▸ Work request:
Restate word for word the lines below that run from the one holding "Vintage 1950's hair dryer on stand" through the one holding "Sommerfesten - Hedmarkstoppen", inclusive. Pictures don't belong in the copy.

BEGIN Records provided

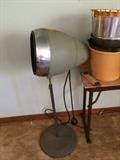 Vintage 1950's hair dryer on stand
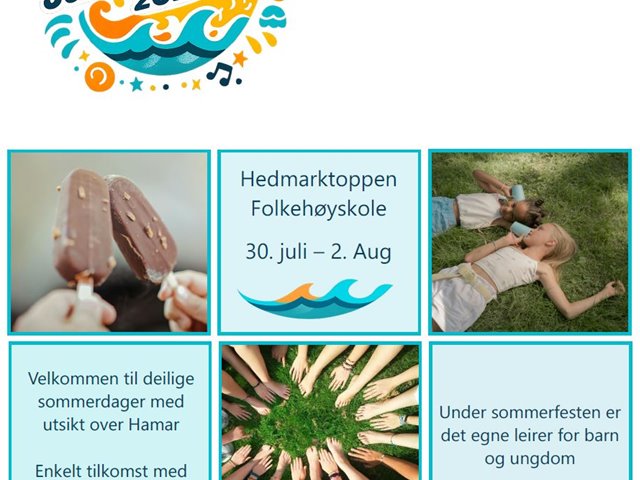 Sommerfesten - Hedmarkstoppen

END Records provided
BEGIN Records provided

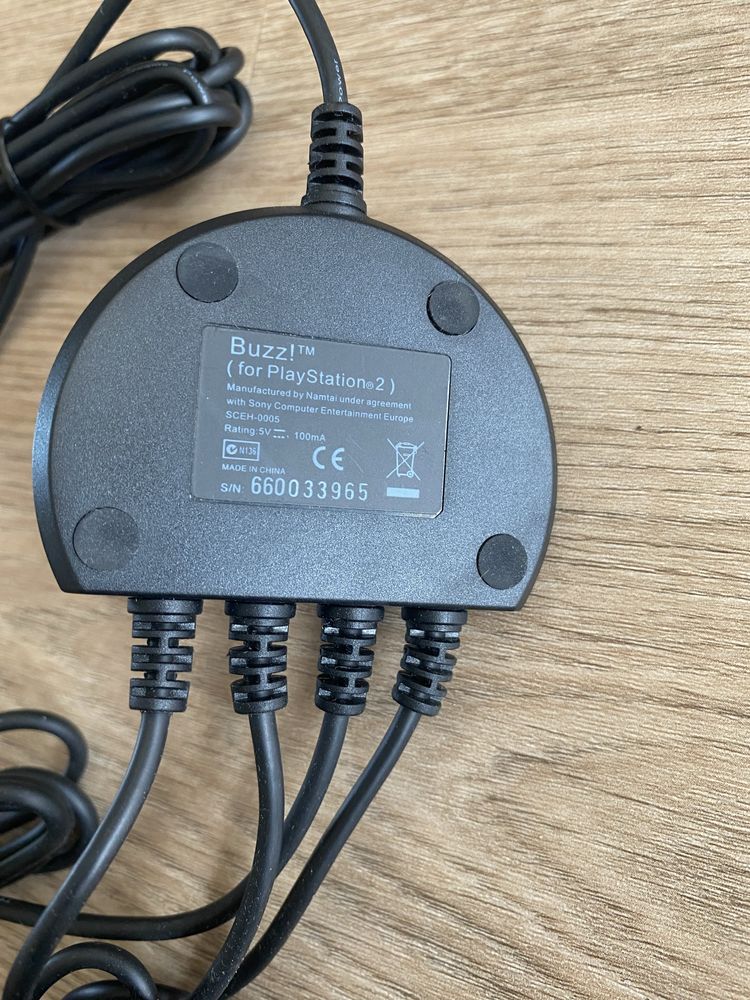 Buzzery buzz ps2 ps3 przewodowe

END Records provided

▸ Exercise answer:
 Vintage 1950's hair dryer on stand
 Sommerfesten - Hedmarkstoppen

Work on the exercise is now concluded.